California will no longer require houses of worship to adhere to capacity limits, changing its COVID-19 gathering policies after multiple Supreme Court rulings have gone against the state.
In an update made Monday to the state’s COVID-19 website, under the category of “Places of worship and cultural ceremonies,” California’s Department of Public Health changed the language on capacity limits from “mandatory” to “strongly recommended.”
“In response to recent judicial rulings, effective immediately, location and capacity limits on places of worship are not mandatory but are strongly recommended,” the website explains. “The linked guidance is in the process of being updated. All other restrictions in the guidance remain in place.”
The listed standards vary on a tier system based on county infection rates. For the strictest category, known as “widespread” or “purple,” indoor worship is “strongly discouraged and should be limited to 25% of capacity.”
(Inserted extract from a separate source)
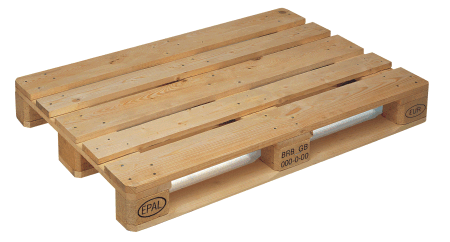 WOOD EUROPALLET EPAL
For the lowest tier of concern, known as “minimal” or “yellow,” indoor worship and other activities are recommended with a 50% capacity.
Also, singing and other musical activities involving voices “are permitted subject to the restrictions” listed in each tier category of infection.
For example, the purple tier says singers “must wear face coverings at all times” when indoors, be no more than 10 in number and “maintain at least 12 [feet] of physical distance from other performers and 24 feet of physical distance from visitors or congregants.”
After the conservative legal nonprofit Liberty Counsel filed a request for an emergency injunction on behalf of Harvest Rock Church and Harvest Rock International Ministry, the government assured Monday that “mandatory limits on attendance are no longer imposed on houses of worship.”
“After five reprimands from the U.S. Supreme Court, Governor Gavin Newsom has finally dropped his draconian restrictions on churches,” Liberty Counsel head Mat Staver said in a statement.
“While we are happy that all churches and houses of worship no longer have any restrictions, Liberty Counsel will continue our case in the Ninth Circuit in order to make sure this tyranny and abuse never happens again.”
The Center for American Liberty, a law firm that filed multiple lawsuits against California over the various worship restrictions, celebrated the update.
Center founder and CEO Harmeet K. Dhillon said that she believes Newsom “should have done this a long time ago” in a statement to The Daily Wire.
“For over a year, the state of California has targeted the faith community for discriminatory treatment depriving them of their fundamental right to worship,” stated Dhillon.
“It shouldn’t take a decision from the Supreme Court, much less five decisions, for Gov. Newsom to realize that what he has been doing is unconstitutional.”
California has been the subject of much litigation filed by several churches and other religious groups over its gathering restrictions to curb the spread of the coronavirus.
Last Friday, in Tandon v. Newsom, the Supreme Court issued a per curiam decision granting injunctive relief to Rev. Jeremy Wong and other plaintiffs. They sought to hold in-home worship events attended by more than three households.
“… government regulations are not neutral and generally applicable, and therefore trigger strict scrutiny under the Free Exercise Clause, whenever they treat any comparable secular activity more favorably than religious exercise,” stated the court’s decision.
“It is unsurprising that such litigants are entitled to relief. California’s Blueprint System contains myriad exceptions and accommodations for comparable activities, thus requiring the application of strict scrutiny.”
Justice Elena Kagan authored a dissenting opinion and was joined by Justices Stephen Breyer and Sonia Sotomayor. She insisted that the state already treated religious and secular entities equally.
“California limits religious gatherings in homes to three households. If the State also limits all secular gatherings in homes to three households, it has complied with the First Amendment,” wrote Kagan.
“And the State does exactly that: It has adopted a blanket restriction on at home gatherings of all kinds, religious and secular alike. California need not, as the per curiam insists, treat at-home religious gatherings the same as hardware stores and hair salons.”